Joint Fall 2009 Meeting of the New England Section of the APS and AAPT
Volume 54, Number 11
Friday–Saturday, October 16–17, 2009;
Durham, New Hampshire
Session A1: Plenary Session 1
1:10 PM–3:10 PM,
Friday, October 16, 2009
Holloway Commons
Room: Piscataqua Room
Chair: Karsten Pohl, University of New Hampshire
Abstract ID: BAPS.2009.NEF.A1.2
Abstract: A1.00002 : The Oscillating History in the Exploration of the Red Planet
2:10 PM–3:10 PM
Preview Abstract
Abstract
Author:
Suzanne M.M. Young
(Phoenix Mission Science Plan Integrator)
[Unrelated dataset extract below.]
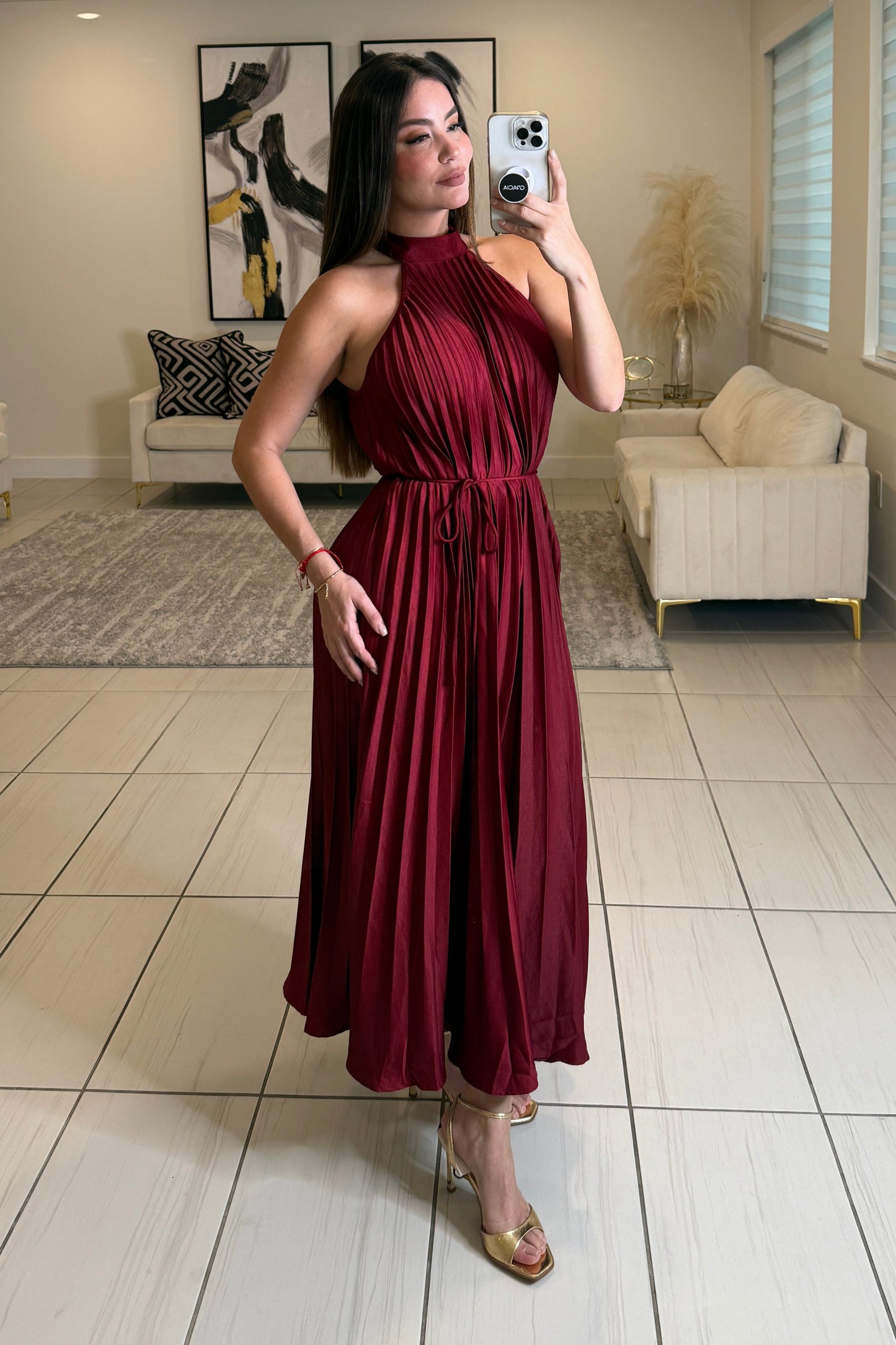 Radiant Red Wine Midi Dress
The oldest, and very vague, map of Mars was drawn in 1659 by
Christiaan Huygens, who like Galileo, was pointing his telescopes
to nearly anything the
sky presented him. In the 1700s, William Herschel, followed by
Johann Hieronymus Schroeter, observed Mars extensively and
attempted to map its
features. In the mid-1800s, Warren De la Rue refined the features
on maps of Mars enough to first display, unknowingly, the north
and south polar
glaciers of Mars. In 1877 Giovanni Virginio Schiaparelli observed
a dense network of linear structures on the surface of Mars which
he called
``canali'' (Italian: meaning ``channels'', but mistranslated as
``canals''). Schiaparelli also named the ``seas'' and
``continents'' of Mars. With canals and
seas, massive speculation began about water and life on Mars,
perhaps even a civilization responsible for the canals (and, one
might hope, with gondolas
and singing gondoliers). Percival Lowell was captivated by the
implications of these purported canals and spent much of his life
trying to prove the
existence of intelligent life on the red planet in the early
1900s. On October 30, 1938, Orson Welles broadcast on radio an
adaptation of H.G. Wells'
novel ``War of the Worlds''. This caused some listeners to panic.
The assumption that Martians were benevolent was severely dented.
With NASA's
early exploration of Mars - Mariner Missions in the 1960s, and
the Viking Missions in the 1970s - Mars was returned to a
desolated place, although it
now seems possible that the Viking landers were literally inches
away from discovering water ice on Mars, finally encountered in
abundance over 30 years
later by the Phoenix Mission. With the detection of water by the
Odyssey Orbiter, geological evidence for ancient water found by
the Rovers, the
highest resolution images ever taken of Mars by the Mars
Reconnaissance Orbiter, and the most recent discoveries by the
Phoenix Lander, theories have
almost come full circle in returning Mars to a place with water,
and possibly microbial (presumably unintelligent) life. The
Phoenix Mars Scout landed on
25 May 2008 at the northern polar latitude of 68$^{\circ}$N.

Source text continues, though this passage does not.